:: Provided records ::

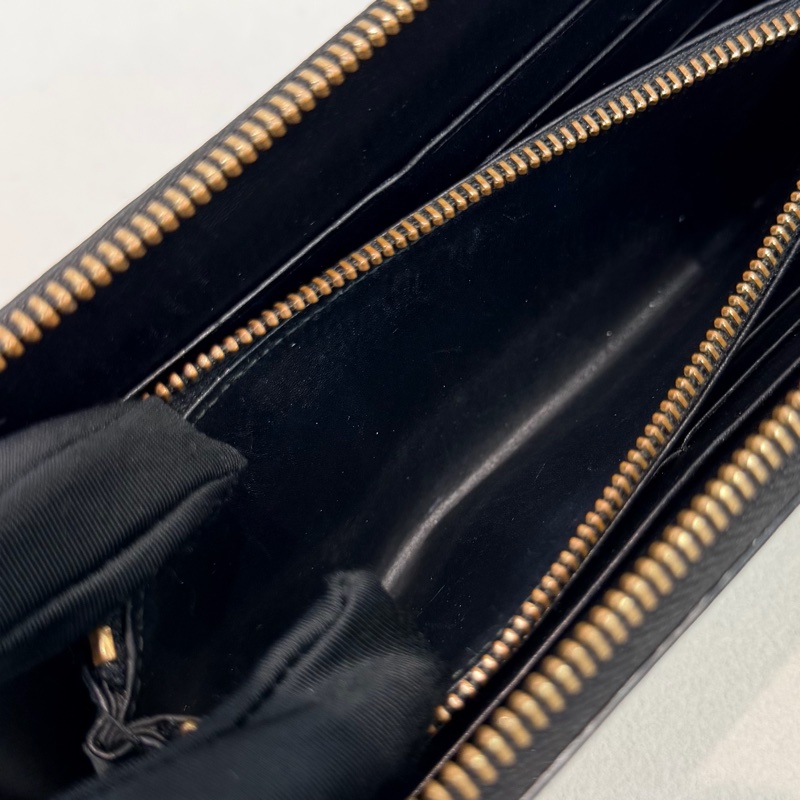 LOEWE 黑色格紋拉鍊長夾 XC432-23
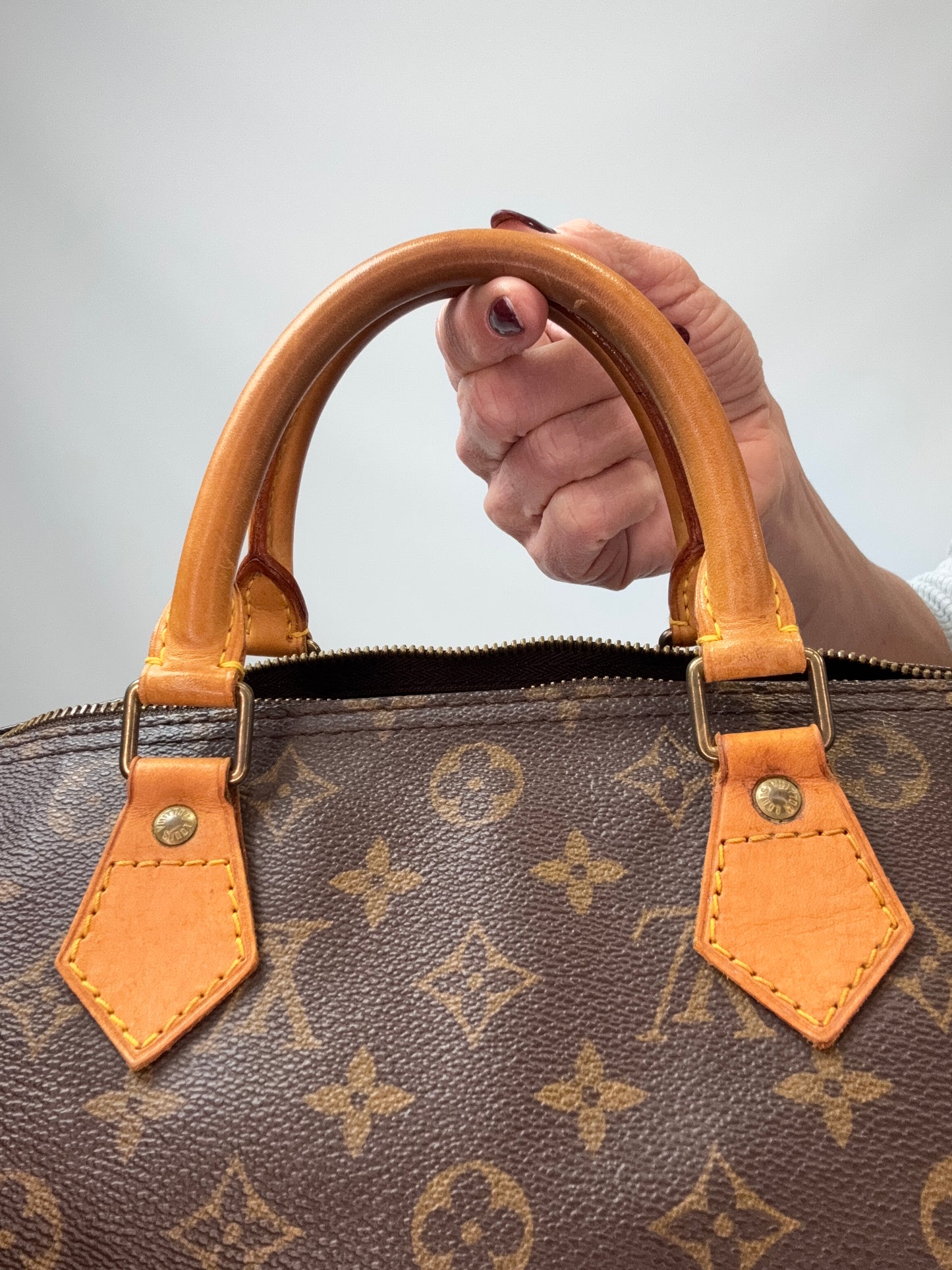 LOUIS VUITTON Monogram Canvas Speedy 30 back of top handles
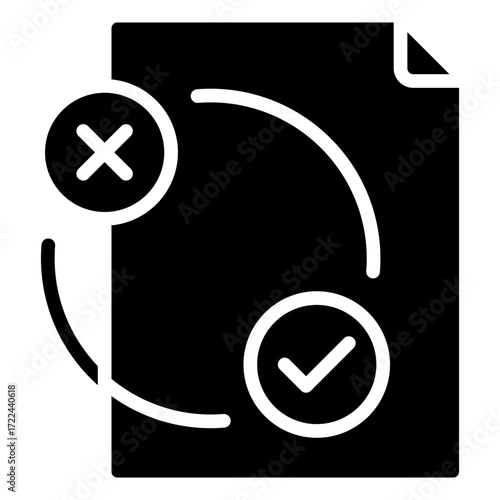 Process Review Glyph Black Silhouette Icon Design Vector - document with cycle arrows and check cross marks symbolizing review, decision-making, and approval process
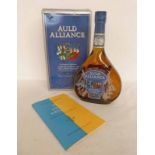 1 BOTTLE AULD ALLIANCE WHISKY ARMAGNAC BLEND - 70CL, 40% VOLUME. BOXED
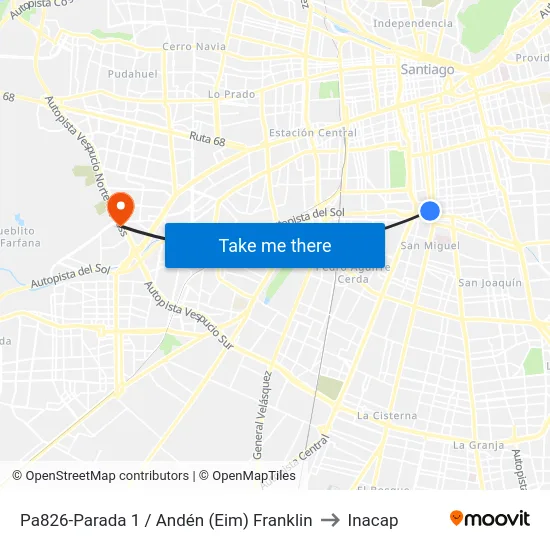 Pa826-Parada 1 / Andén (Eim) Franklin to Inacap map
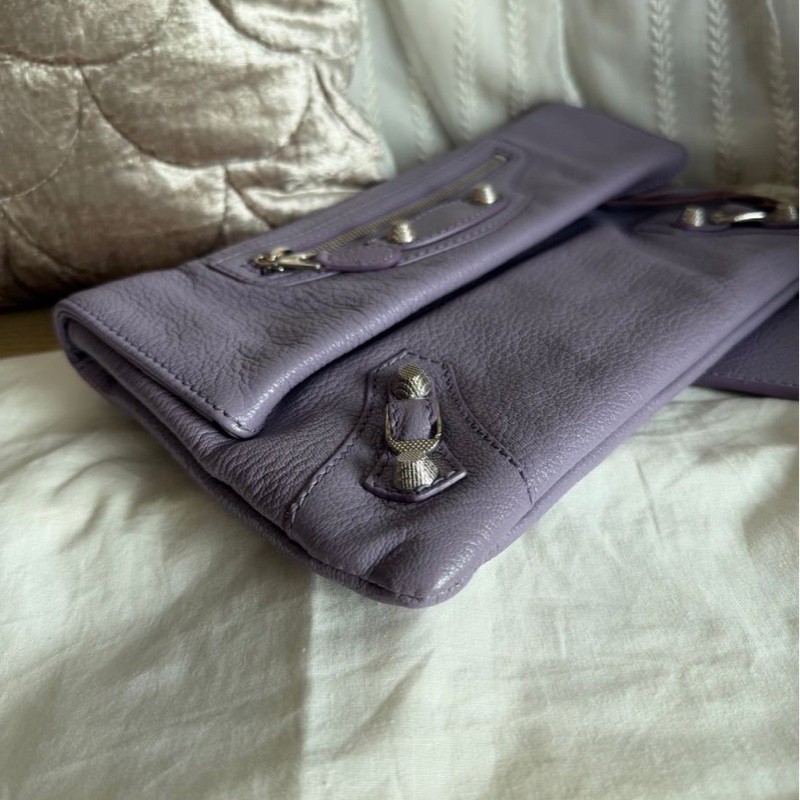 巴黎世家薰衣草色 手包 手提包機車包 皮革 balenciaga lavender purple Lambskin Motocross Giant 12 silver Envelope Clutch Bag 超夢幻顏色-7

:::

Only the lines from the one with "Pa826-Parada 1 /" through the final line of the entries above are to be repeated, exactly as written and without pictures.

* **Your response**:
 Pa826-Parada 1 / Andén (Eim) Franklin to Inacap map
 巴黎世家薰衣草色 手包 手提包機車包 皮革 balenciaga lavender purple Lambskin Motocross Giant 12 silver Envelope Clutch Bag 超夢幻顏色-7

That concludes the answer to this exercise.